President George W. Bush remarked of the expectant visit:
"The visit of Hu Jintao will be an interesting and important visit. He's coming into a country where there's an over $200-billion trade deficit and a lot of Americans are wondering, where's the equity in trade?"

President George W. Bush attributes much of the U.S. trade imbalance to China's refusal to raise the value of its currency, the Yuan, which many Americans believe gives the Chinese an unfair trade advantage. At the same time, China's foreign exchange reserves include $800-billion U.S.

Jing Huang, a political scientist at the Brookings Institution think tank in Washington, DC, says currency adjustment would diminish the value of those reserves.

“For the Chinese, if they realize that Chinese currency must be appreciated, which means our dollars would be depreciated, then Chinese - [as] any rational people would do - will try to transform their holdings from American dollar assets into euros, Japanese yen or some hard currency. That would set off a chain reaction all over in the global economy and which eventually would hurt everyone," he said.

Huang says that a more expensive Yuan would also reduce Chinese demand for U.S. treasury notes, which could raise mortgage interest rates and hurt America's housing market.

According to Huang, 80 percent of China's gross domestic product is linked to foreign trade compared to only about 20 percent of the U.S. GDP. Because of such heavy Chinese reliance on international sales, Huang says it is not likely that President Hu will satisfy Mr. Bush on the currency issue. To do so, would mean raising the price of Chinese exports, which would reduce demand and trigger a negative political reaction in China.

But the Bush administration must contend with a negative reaction here in the United States.

U.S. Commerce Secretary Carlos Gutierrez recently warned that failure to open the Chinese market is prompting calls for protectionism. "It is important for our colleagues in China to recognize that the voices in the United States calling for protectionist policies are very real, and there is real protectionist and isolationist sentiment creeping up, evolving, emerging in our country," he said.

China is expected to buy as many as 80 U.S.-built passenger jets as part of a current $15-billion shopping spree that includes purchases of U.S. software, agricultural products, auto parts, and telecommunications equipment.
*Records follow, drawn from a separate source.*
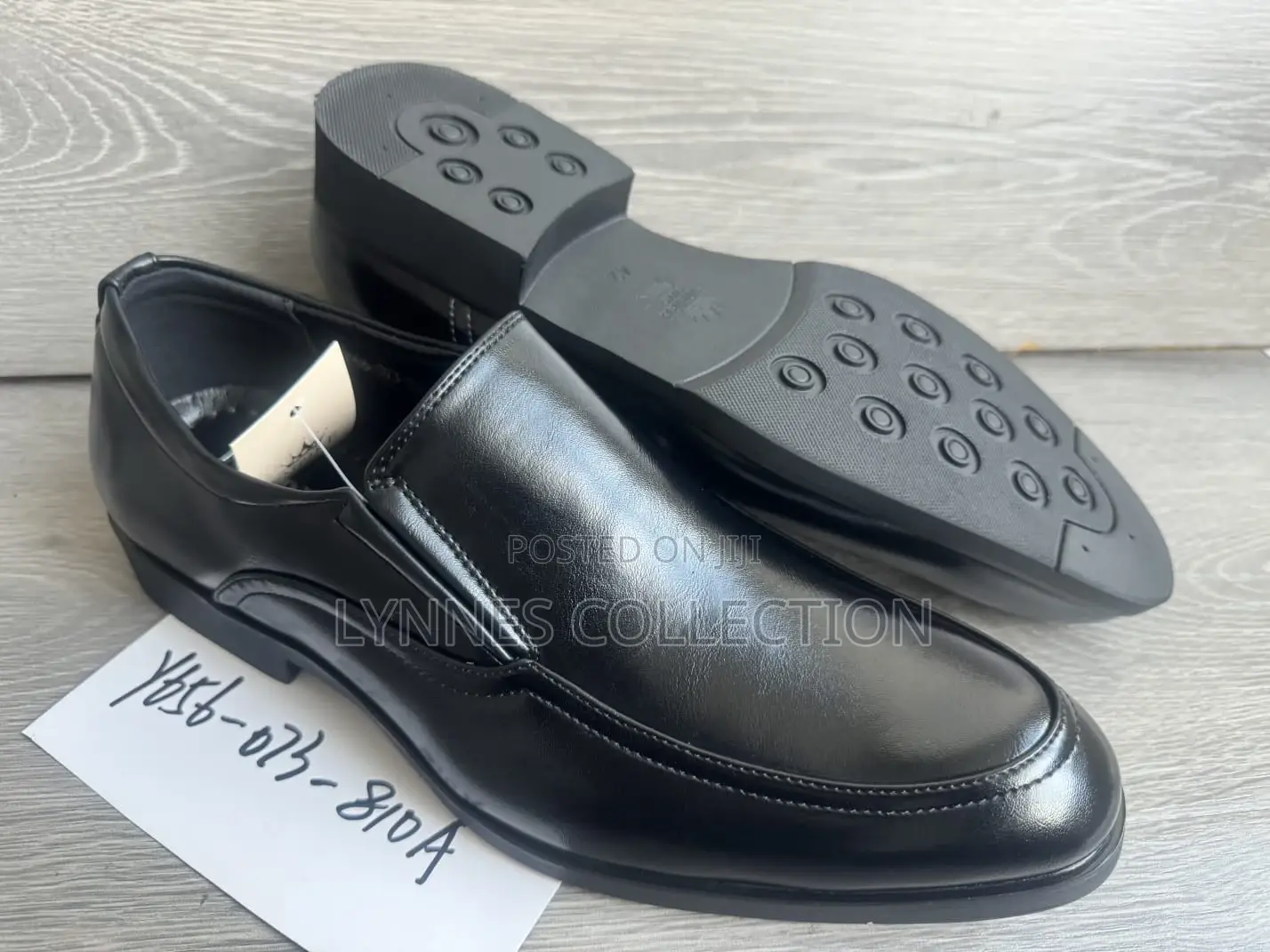 Men Official Shoes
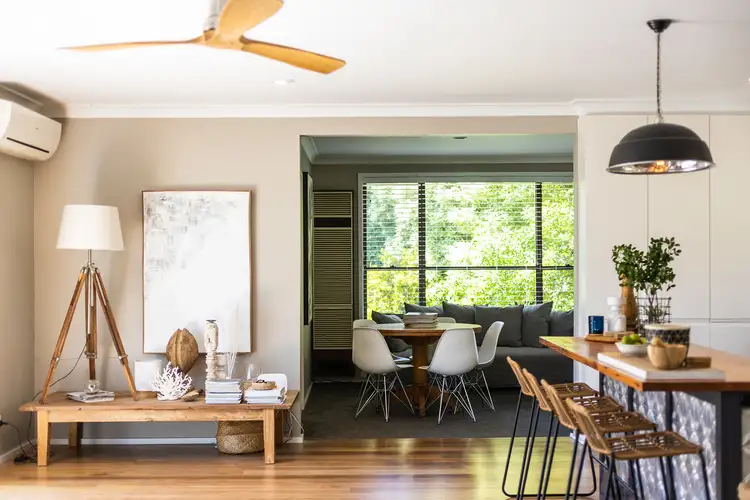 Fifth view of Homely house listing, 6a Bourne Close, Mittagong NSW 2575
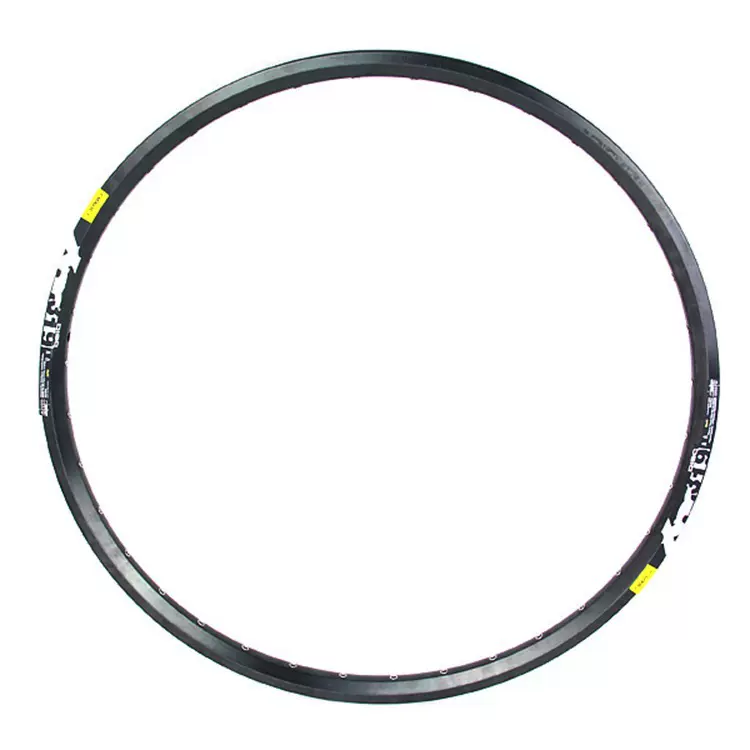 319刀圈 双层26寸山地车车圈 32孔36孔车圈碟刹V刹车圈 铝合金圈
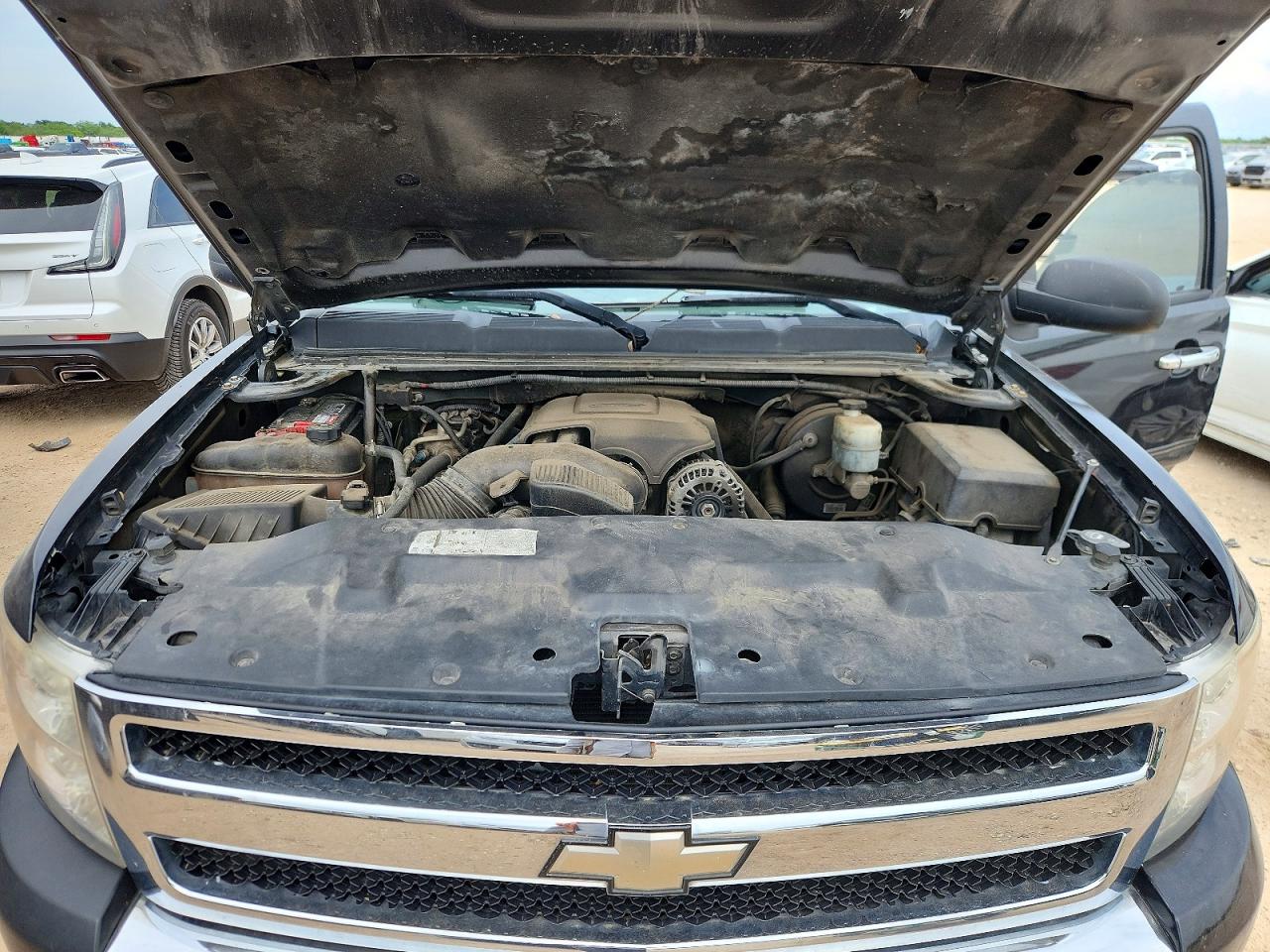 2009 CHEVROLET ALL Models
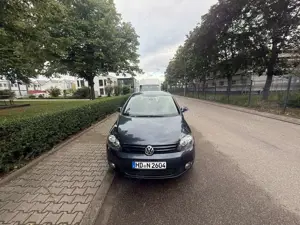 Volkswagen Golf Plus Plus1.6 TDI DPF BlueMotion Technology DSG MATCH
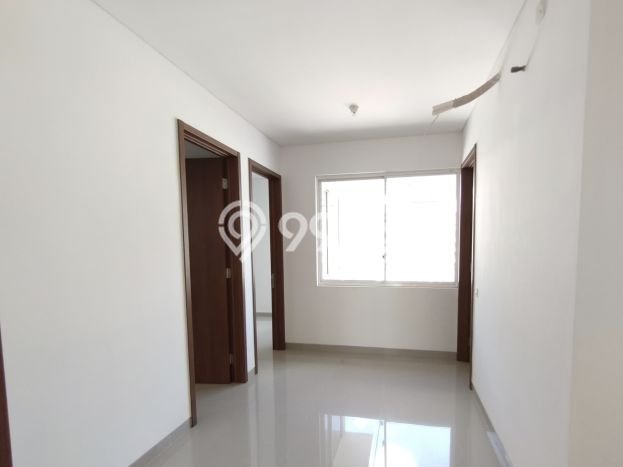 Rumah Minimalis 5 KT LT 126m2 di Graha Rumah Minimalis 5 KT LT 126m2 di Graha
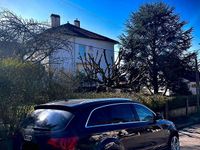 Gebraucht Audi Q7 S-Line 240 PS (176 kW) 2009 Schwarz SUV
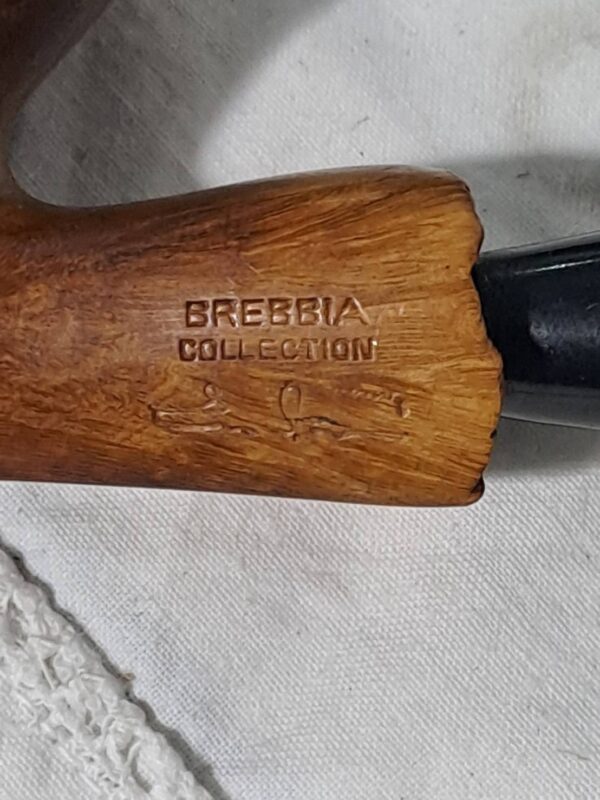 Brebbia Pipe - Image 4
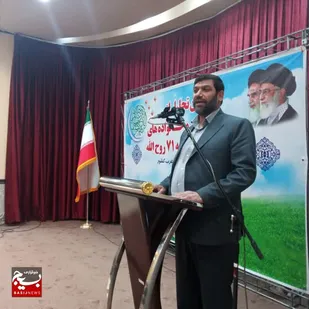 امنیت مهمترین مولفه پیشرفت کشور/ سپاه پاسداران تکیه گاه انقلاب اسلامی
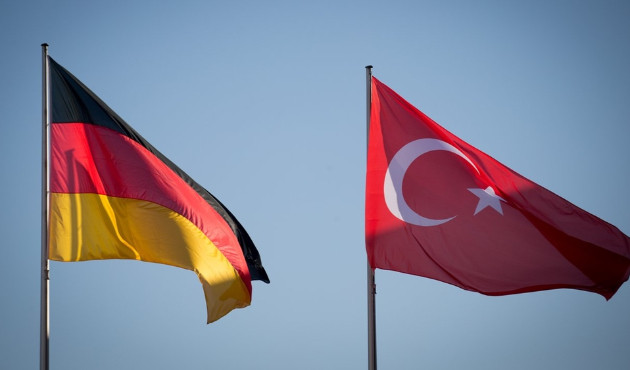 Almanya Türkiye'ye silah satışını minimuma çekti!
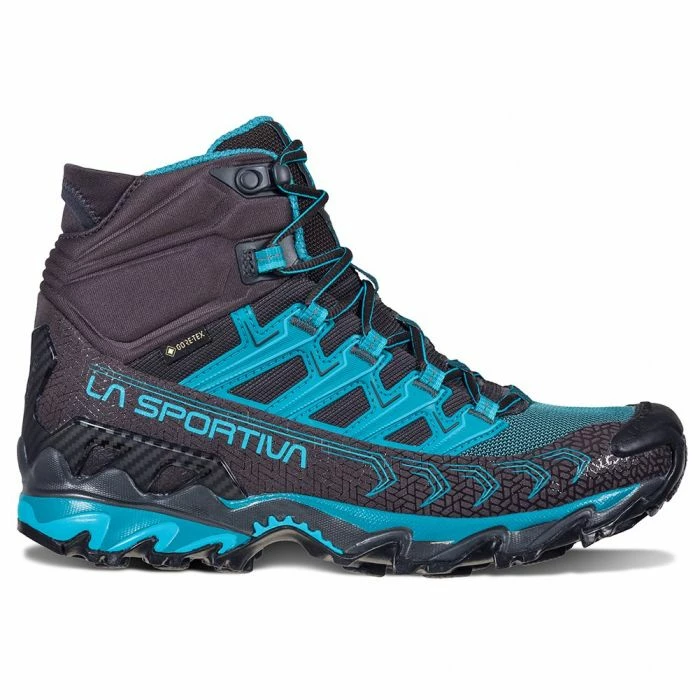 Discount 🥰 Footwear La Sportiva Ultra Raptor II Mid GTX 👩 Women's 👏 4 Footwear La Sportiva Ultra Raptor II Mid GTX Women's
Some observers characterize the purchases as "checkbook diplomacy" meant to reduce pressure for trade protectionism.

Jing Huang says the purchases also resemble a public relations effort in U.S. job markets most hurt by the trade imbalance with China.

"They do not want the trade issue to become a political issue, in which China would be further demonized. Because China has something we really don't like as Americans. Number one - it has a single party political system. Number two - its policymaking is not transparent. Number three - its military keeps developing very fast. All of these issues make China not very likable. But their spending here may be to try to prevent that in the mid-term election … [that] China becomes a negative issue,” he said.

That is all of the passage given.